The tea glasses empty, the mukhtar offers to show us the place where the massacre occurred. Outside, we discover that the rain has stopped, dark clouds pulling back to reveal a glorious spring day. A half-dozen villagers accompany us as we traipse across a sloshy field to the edg
e of a gentle incline, now glistening with a velvety sheen. Quietly, the villagers point out the spots where the massacred once knelt, where the soldiers once stood, and where the bodies were once buried, before being moved to a cemetery. Everything is now overgrown with new grass. Birds are swooping, and rainwater drops are twinkling. Nothing indicates that anything out of the ordinary ever happened here.
CHAPTER FIVE
Disturbances
IN THE CENTER OF DOWNTOWN DOHUK STOOD THE INSTITUTE of Fine Arts. From the outside, it was a forbidding-looking place with a yawning entranceway manned by guards. Inside, the vestibule and corridors were damp and dark, but then the building opened up to reveal a lovely sun-dappled courtyard filled with flowering bushes, a vine-covered arbor, dozens of students, and music. Brightly colored murals—of a Studebaker, of fighters with flags—danced on the walls, and white sculptures stood here and there. Three young women in long tight skirts were playing the violin, their sheet music propped up on spindly stands. Two young men in leather jackets were looking cool. Through an open practice room, another young man was assiduously practicing Bach, his notes floating up to cup the scene like a protective umbrella.

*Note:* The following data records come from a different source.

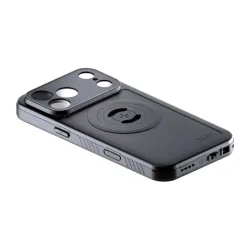 Coque téléphone SP Connect iPhone 17 & 18 Pro Max - Case Xtreme image 3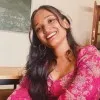 Vismaya Sathyan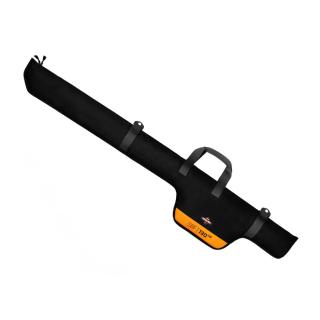 Калъф Delphin Dravec Soft 130cm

The artists Sirwan Shakir and Amin Yousif, and I were “taking a stroll.” Both men taught at the institute, and both spoke English. Amin, an intense, dark-haired man in his mid-twenties, was fluent. Sirwan, a kindly looking man with wavy hair just starting to gray, could make himself understood. Both men effusively welcomed me. You cannot understand Kurdistan without talking to its artists, they said.

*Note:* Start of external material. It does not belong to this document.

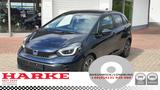 Honda Jazz Hybrid e:HEV 1.5 i-MMD Advance - Honda Jazz Tageszulassungen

Like the University of Dohuk, the Institute of Fine Arts had been founded after the 1991 uprising, and charged no tuition, scraping by each month on a small stipend from the KDP government. The school offered classes in music, the visual arts, and theater, with most of its curriculum focused on the Western artistic tradition. As we toured, we passed a drawing class sketching still lifes beneath reproductions of the old masters, and an orchestra class rehearsing Beethoven. Among the musical instruments that the students studied or had studied were the violin, piano, accordion, flute, and cello, although the school did offer a few Eastern music classes to juniors and seniors.